### Extracted information:
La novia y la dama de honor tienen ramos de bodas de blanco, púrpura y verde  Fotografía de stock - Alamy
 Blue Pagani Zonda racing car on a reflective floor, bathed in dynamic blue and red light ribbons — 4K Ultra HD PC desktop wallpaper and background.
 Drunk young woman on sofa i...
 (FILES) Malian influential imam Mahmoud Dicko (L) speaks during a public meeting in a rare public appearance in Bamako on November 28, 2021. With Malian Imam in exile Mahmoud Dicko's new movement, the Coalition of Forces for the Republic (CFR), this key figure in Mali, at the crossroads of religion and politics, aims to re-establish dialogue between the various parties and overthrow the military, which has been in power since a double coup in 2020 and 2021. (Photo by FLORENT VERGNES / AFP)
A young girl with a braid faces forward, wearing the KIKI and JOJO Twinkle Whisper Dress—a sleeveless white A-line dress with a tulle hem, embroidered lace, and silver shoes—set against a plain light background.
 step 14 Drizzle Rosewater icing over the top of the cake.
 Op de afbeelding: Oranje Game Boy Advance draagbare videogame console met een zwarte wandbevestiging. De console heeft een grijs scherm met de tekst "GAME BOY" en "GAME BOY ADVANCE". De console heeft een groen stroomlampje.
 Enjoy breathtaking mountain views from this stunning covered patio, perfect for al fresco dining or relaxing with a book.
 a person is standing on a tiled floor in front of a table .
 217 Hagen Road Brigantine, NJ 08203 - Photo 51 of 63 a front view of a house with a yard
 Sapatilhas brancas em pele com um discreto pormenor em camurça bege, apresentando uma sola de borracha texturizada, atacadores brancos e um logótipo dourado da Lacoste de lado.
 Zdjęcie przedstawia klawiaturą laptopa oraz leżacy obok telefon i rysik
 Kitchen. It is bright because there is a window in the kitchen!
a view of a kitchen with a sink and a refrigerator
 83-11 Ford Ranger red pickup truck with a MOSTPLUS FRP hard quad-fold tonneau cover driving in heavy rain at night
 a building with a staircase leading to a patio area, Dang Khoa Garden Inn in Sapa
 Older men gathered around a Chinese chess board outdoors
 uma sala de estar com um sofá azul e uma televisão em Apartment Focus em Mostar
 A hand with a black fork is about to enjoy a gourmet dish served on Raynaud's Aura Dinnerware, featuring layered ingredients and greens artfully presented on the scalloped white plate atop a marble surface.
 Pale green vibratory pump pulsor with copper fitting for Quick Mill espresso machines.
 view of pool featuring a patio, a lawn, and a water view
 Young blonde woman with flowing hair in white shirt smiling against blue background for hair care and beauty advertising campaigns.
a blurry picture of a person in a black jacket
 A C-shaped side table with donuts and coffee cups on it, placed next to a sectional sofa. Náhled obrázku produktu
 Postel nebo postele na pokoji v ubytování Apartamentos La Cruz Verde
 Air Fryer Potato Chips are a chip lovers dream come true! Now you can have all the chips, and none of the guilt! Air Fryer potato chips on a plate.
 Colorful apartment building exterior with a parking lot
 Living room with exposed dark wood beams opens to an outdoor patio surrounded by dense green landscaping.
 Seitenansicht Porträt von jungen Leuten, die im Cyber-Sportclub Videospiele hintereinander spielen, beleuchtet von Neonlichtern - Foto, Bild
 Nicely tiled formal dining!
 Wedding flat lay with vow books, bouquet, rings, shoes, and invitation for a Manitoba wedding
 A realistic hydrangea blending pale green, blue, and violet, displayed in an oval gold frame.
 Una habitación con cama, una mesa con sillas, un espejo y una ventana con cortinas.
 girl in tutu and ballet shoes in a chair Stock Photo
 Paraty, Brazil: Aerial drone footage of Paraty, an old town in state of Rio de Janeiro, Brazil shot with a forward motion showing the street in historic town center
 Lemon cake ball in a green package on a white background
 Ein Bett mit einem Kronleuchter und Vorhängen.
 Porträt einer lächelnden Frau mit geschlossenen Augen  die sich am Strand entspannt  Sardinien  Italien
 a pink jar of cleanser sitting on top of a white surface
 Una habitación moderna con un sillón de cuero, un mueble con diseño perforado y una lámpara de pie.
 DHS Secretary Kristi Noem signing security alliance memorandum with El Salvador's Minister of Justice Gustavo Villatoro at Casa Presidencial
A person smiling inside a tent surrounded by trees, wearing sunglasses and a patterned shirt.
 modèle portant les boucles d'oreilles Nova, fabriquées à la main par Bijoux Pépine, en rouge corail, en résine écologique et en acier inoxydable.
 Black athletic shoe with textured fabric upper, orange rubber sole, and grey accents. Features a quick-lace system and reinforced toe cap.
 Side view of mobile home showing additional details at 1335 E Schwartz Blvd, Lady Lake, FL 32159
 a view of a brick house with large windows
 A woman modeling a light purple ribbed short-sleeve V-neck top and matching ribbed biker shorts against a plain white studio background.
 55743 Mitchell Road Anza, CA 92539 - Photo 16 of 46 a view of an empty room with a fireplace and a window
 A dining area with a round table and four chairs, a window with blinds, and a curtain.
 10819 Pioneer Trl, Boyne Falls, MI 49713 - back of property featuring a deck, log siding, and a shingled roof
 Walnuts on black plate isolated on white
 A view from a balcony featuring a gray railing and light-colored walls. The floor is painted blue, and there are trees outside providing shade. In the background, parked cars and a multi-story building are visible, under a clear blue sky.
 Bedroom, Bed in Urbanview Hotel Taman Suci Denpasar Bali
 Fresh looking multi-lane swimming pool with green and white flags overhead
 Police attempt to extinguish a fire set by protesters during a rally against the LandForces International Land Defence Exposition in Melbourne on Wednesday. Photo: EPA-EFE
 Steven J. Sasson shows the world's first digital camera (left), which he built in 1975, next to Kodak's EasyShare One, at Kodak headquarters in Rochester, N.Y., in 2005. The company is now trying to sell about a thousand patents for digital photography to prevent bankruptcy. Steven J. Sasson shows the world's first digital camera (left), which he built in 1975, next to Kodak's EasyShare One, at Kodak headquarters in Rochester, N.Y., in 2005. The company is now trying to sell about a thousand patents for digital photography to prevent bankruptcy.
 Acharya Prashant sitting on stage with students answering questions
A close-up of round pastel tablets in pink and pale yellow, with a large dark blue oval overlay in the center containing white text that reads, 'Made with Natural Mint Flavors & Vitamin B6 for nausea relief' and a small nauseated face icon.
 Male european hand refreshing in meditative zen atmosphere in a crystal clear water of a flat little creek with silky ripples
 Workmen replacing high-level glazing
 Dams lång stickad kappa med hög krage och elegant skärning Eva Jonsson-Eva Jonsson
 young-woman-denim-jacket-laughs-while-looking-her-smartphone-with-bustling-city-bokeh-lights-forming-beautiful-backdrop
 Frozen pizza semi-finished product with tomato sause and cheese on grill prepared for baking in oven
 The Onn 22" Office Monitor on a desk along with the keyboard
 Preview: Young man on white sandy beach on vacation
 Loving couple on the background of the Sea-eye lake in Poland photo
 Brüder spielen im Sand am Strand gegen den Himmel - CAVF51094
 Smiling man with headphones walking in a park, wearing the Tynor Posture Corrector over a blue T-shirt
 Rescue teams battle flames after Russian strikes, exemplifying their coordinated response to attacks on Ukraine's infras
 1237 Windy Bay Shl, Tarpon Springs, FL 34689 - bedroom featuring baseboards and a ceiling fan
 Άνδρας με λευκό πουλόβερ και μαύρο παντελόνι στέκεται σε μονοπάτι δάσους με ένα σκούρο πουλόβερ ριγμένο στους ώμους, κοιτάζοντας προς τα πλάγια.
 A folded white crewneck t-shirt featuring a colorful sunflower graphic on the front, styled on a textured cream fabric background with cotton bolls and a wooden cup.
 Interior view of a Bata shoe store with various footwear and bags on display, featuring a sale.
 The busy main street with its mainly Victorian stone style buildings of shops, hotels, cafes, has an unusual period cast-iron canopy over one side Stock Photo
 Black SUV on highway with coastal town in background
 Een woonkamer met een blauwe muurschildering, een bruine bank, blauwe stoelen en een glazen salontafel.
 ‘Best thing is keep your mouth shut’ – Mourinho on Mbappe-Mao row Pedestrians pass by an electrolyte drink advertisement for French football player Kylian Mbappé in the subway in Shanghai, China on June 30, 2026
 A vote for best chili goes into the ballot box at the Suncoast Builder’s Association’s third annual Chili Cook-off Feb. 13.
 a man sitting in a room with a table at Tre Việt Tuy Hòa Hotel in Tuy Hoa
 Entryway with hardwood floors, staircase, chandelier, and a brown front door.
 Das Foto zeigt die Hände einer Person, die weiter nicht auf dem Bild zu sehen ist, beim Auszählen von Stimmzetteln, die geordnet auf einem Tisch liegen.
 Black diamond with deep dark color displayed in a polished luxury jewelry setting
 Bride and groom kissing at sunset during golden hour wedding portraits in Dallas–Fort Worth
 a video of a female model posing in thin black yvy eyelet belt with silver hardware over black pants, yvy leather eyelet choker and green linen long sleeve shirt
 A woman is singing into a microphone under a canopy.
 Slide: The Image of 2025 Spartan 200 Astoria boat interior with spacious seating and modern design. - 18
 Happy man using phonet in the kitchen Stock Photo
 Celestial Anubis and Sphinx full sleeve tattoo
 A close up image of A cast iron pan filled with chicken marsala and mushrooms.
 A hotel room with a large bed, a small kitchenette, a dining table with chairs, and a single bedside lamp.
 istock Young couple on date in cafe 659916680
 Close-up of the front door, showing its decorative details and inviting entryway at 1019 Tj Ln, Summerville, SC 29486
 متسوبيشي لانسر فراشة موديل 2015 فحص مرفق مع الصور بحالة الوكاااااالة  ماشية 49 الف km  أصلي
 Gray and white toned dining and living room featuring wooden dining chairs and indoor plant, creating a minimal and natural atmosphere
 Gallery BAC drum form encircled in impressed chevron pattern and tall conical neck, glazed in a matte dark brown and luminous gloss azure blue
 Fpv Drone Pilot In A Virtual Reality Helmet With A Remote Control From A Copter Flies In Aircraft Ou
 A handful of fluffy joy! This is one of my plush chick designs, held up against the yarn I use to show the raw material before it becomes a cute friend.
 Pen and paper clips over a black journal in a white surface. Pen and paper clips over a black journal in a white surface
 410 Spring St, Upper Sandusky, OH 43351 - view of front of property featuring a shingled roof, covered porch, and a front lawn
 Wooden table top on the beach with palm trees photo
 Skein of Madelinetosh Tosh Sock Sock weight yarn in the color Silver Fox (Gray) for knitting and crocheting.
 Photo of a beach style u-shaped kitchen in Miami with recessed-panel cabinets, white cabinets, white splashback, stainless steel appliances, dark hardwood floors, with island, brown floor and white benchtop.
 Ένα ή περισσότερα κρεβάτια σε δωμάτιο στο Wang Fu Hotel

### Problem requirements:
Given the records above, restate word for word only the lines starting at the one with "a view of a brick house with large windows" and ending at the one with "Walnuts on black plate isolated on white".

### Task answer:
 a view of a brick house with large windows
 A woman modeling a light purple ribbed short-sleeve V-neck top and matching ribbed biker shorts against a plain white studio background.
 55743 Mitchell Road Anza, CA 92539 - Photo 16 of 46 a view of an empty room with a fireplace and a window
 A dining area with a round table and four chairs, a window with blinds, and a curtain.
 10819 Pioneer Trl, Boyne Falls, MI 49713 - back of property featuring a deck, log siding, and a shingled roof
 Walnuts on black plate isolated on white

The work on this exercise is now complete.